Entry forms and sponsor forms will be available via Todmorden Swimming Club at Todmorden Sports Centre, Ewood Lane, or call one of the organising team, Debbie Lorimer, for details on 07513 123097 or 01706 819651.
You can also enter at Lee Dam on the day, when rates are slightly higher at £5 for adults and £2.50 for under 17s. You must get there to register at 1.30pm, ahead of the races’ start time of 2pm, and swimmers do have to sign a disclaimer, explained Debbie.
“After the swim there will be the chance to warm up at the nearby Top Brink Inn with some hot soup and rolls, and swimmers will also be presented with their certificates showing they’ve taken part,” said Debbie. “And when racing for the trophies in each category swimmers must wear ordinary swimming costumes and not wet suits, although fancy dress on top is welcome.”
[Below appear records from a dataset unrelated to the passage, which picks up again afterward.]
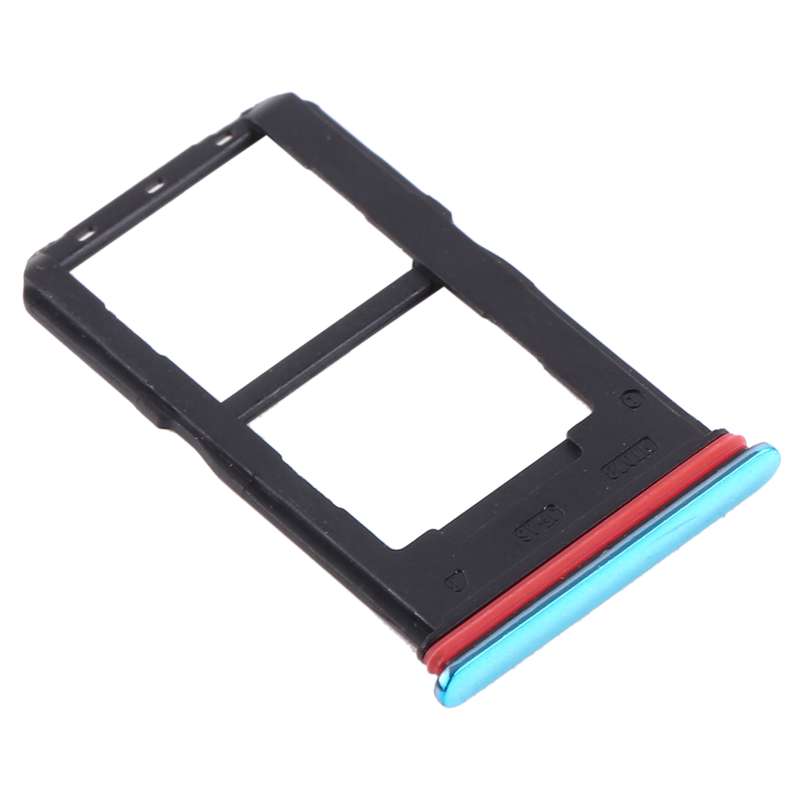 For Vivo Y70s V2002A SIM Card Tray + SIM Card Tray (Black)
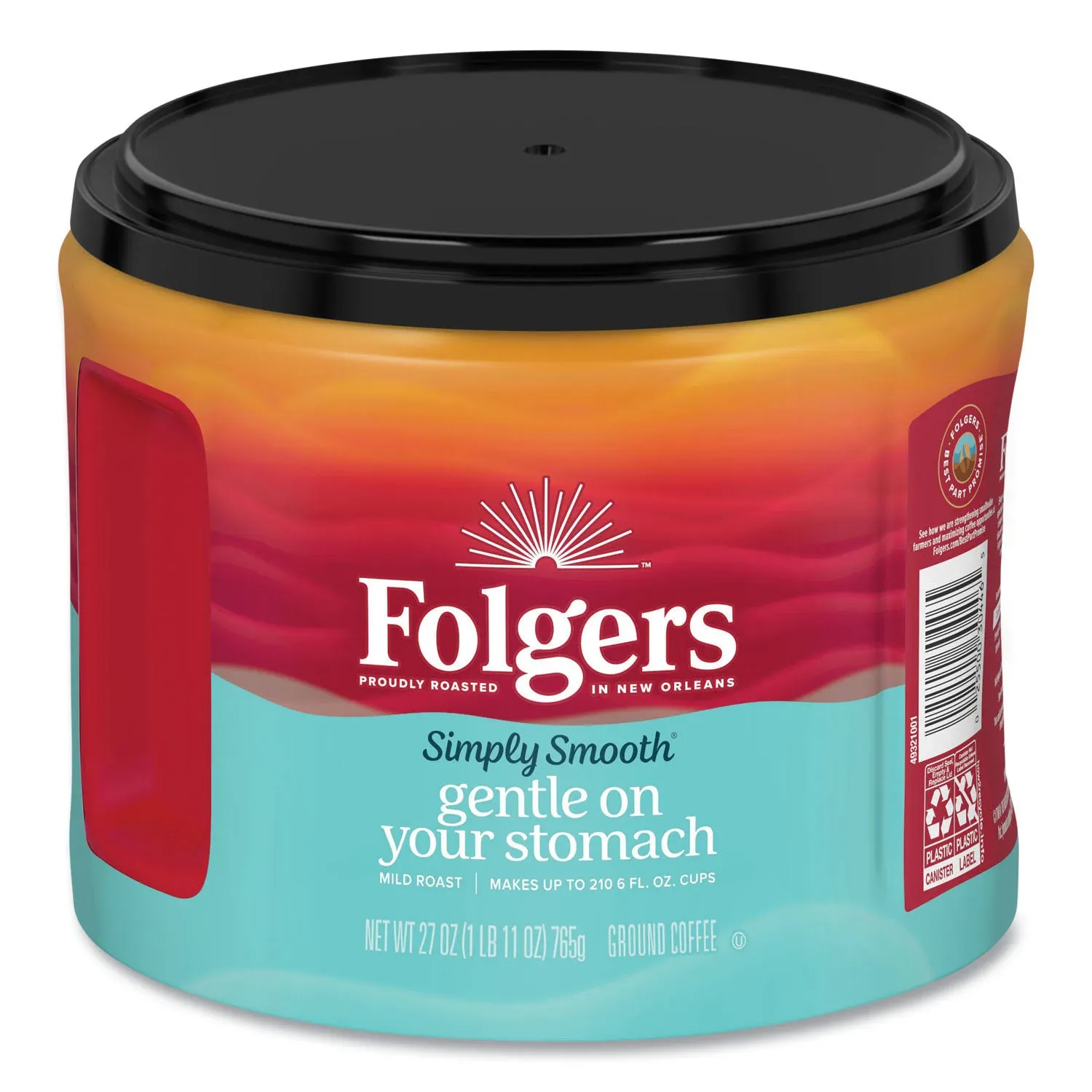 Folgers Ground Simply Smooth Coffee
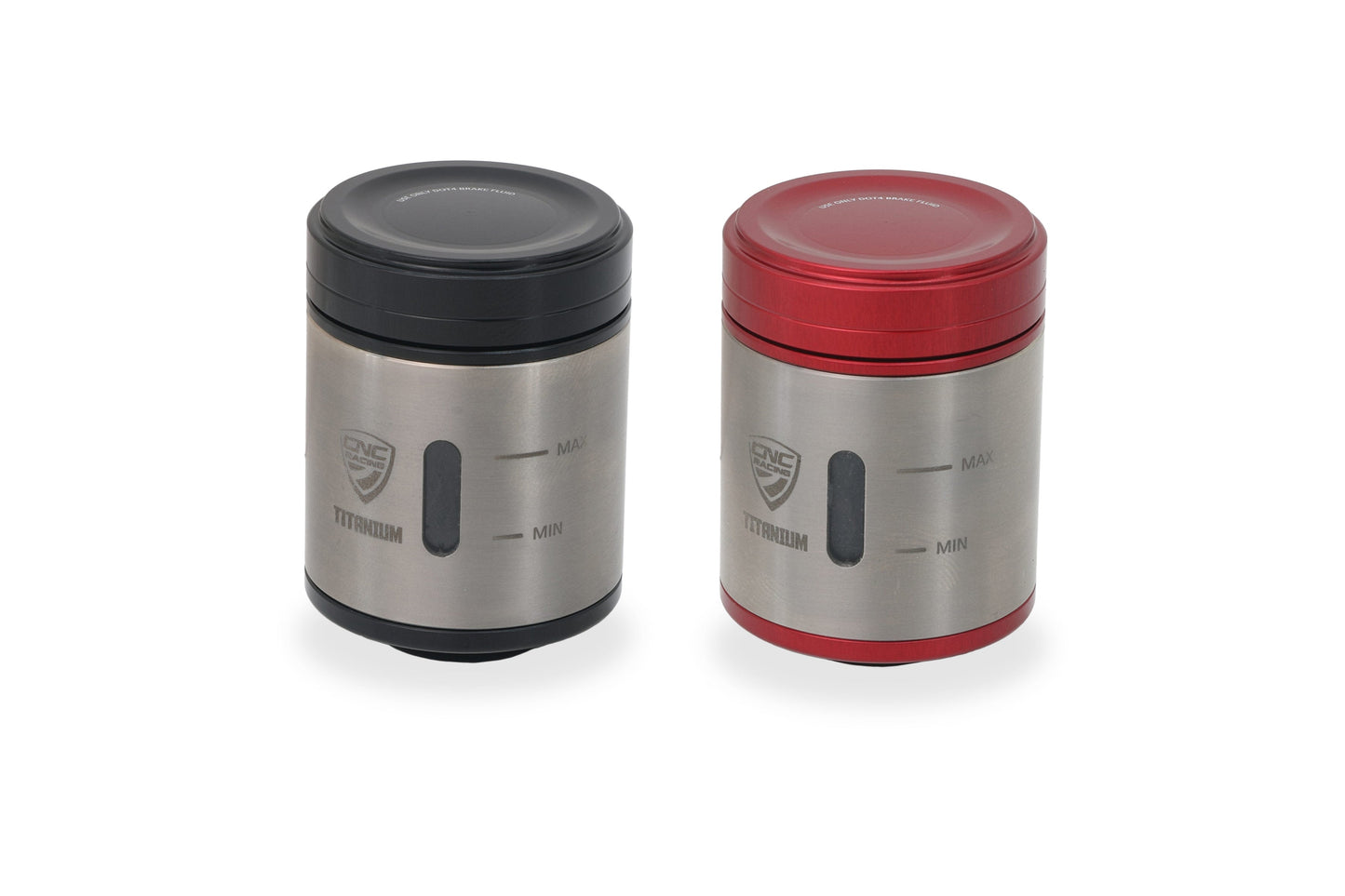Remvloeistof reservoir 25ml - Titanium Ducati Panigale V4 Tricolore Italia (2025+)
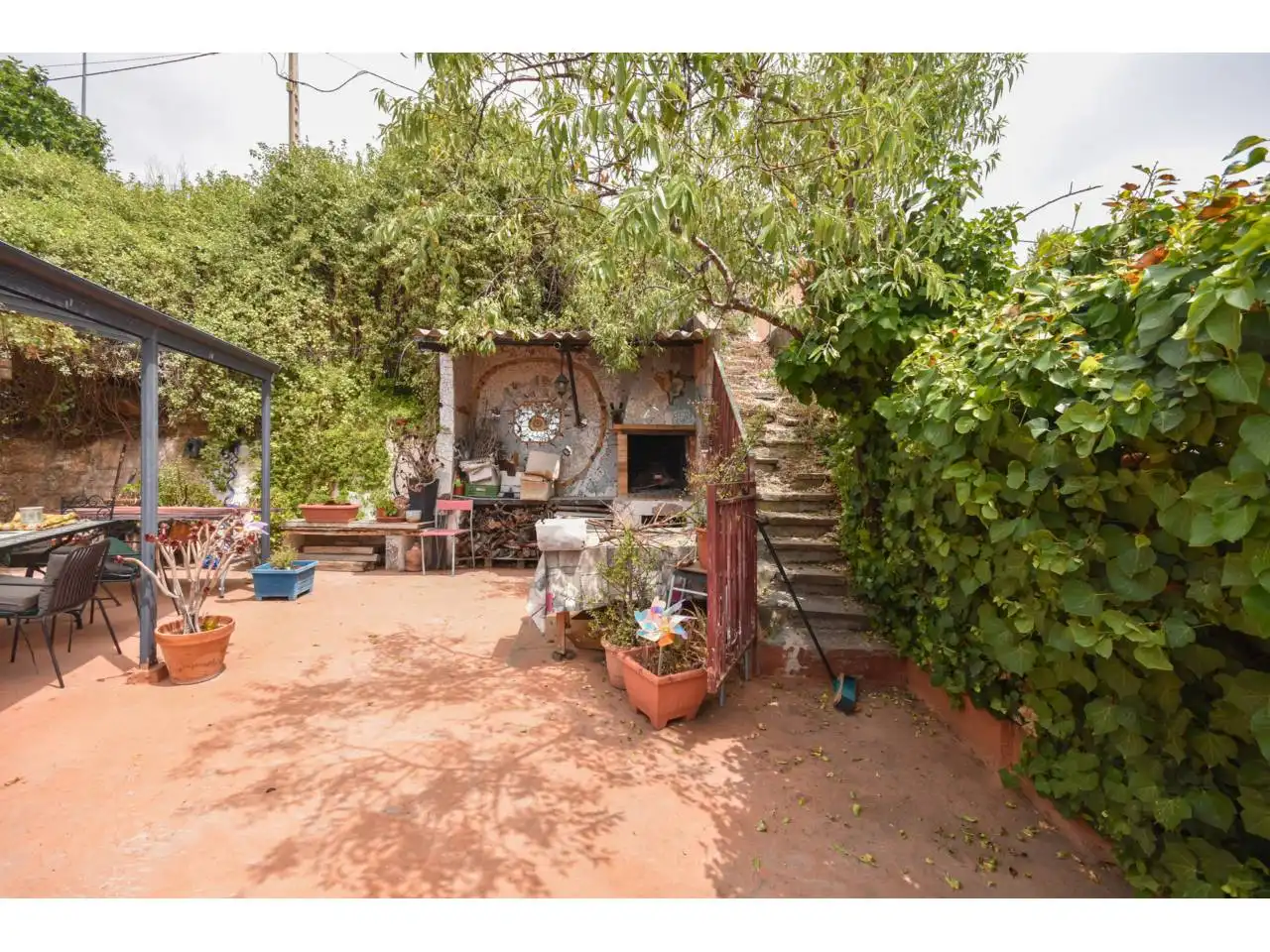 Jardín de Casa o chalet en venta en Abrera con Piscina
Above all, said Debbie, the event is great fun, both for swimmers and spectators - who are welcome to line the banks and add their contribution to the day by cheering swimmers on - alike. Divers from Pennine Sub-Aqua and St John Ambulance volunteers are on hand and often other addition groups such as the scouts have helped out at the event on the day.
Lee Dam is the traditional venue for the race but it has had spells elsewhere, including the canal at Hebden Bridge, in its history.